In scenario A there are real differences in the prevalence of depression between ethnic groups. This leads to lower prevalence of the self-reproach symptom and consequently lower endorsement of the question about worthlessness. According to scenario A, we would expect similar group differences in responses to all questions. In scenario B, responses to the worthlessness question differ between groups because depression manifests differently between ethnic groups. Under this scenario, the symptom of self-reproach has a different relationship with depression depending on group membership. This leads to group differences in response to the worthlessness question but also to similar differences in other questions used to assess the self-reproach symptom, such as the question assessing excessive guilt. In scenario C, responses to the worthlessness question differ by group because ethnic groups differ in a general factor that affects their responses to all survey questions. For instance, groups may differ in their willingness to disclose potentially embarrassing personal information. Under this scenario, there would be similar group differences in responses to most or all questions. Finally, in scenario D, responses to the worthlessness question differ by group because ethnic groups differ in the way they interpret this particular question. Under this scenario, there would be group differences in response to the worthlessness question, but no differences in response to other questions that were interpreted consistently between groups.

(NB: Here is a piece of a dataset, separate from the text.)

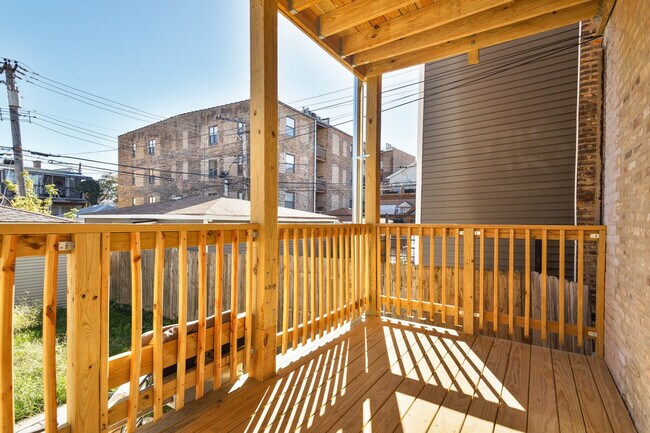 Building Photo - 3649 N Whipple St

In all 4 scenarios, there would be observed differences between groups in the prevalence of depression. However, only in scenario A would these observed differences correspond to differences between groups in true underlying levels of depression. In contrast, for scenarios B to D, these observed differences would correspond not to differences between groups in the true underlying levels of depression, but instead to differences between groups in the relationship between the true underlying level of depression and responses to particular depression questions. In the psychometric literature, this latter phenomenon is known as DIF (Camilli and Shepard, 1994; Holland and Wainer, 1993). Simply put, DIF refers to any scenario where the probability of endorsing a particular question about depression differs for individuals who have the same underlying level of depression but belong to different groups.
DIF is illustrated graphically in Figure 2 using the item characteristic curves (ICC) for the worthlessness item among non-Hispanic whites and non-Hispanic blacks (Thissen et al., 1993). The ICC is a function that relates the probability that a respondent says “yes” to an item to his or her underlying level of the trait being measured. In the figure, the horizontal axis indicates the respondent’s underlying level of depression, an unobserved (i.e., latent) variable which is estimated from the entire group of questions. The vertical axis indicates the respondent’s likelihood of answering yes when asked the question about feelings of worthlessness. The curves represent the likelihoods among non-Hispanic black and non-Hispanic whites of endorsing feelings of worthlessness at each level of depression. In Figure 2, DIF is indicated by the gap between the 2 curves. Moreover, the impact of DIF on the assessment of depression can be inferred from the relative locations of the ICCs. Because the ICC for blacks is shifted to the right relative to the ICC for whites in the figure, blacks are less likely to endorse this question than whites with the same level of depression. This particular type of DIF is referred to as DIF against blacks and may lead to the underestimation of depression for blacks relative to whites. If the ICC for blacks were shifted to the left of that for whites, this would indicate that blacks are more likely to endorse the question than whites with the same level of depression. This type of question is said to exhibit DIF in favor of blacks and may lead to overestimation of depression for blacks relative to whites.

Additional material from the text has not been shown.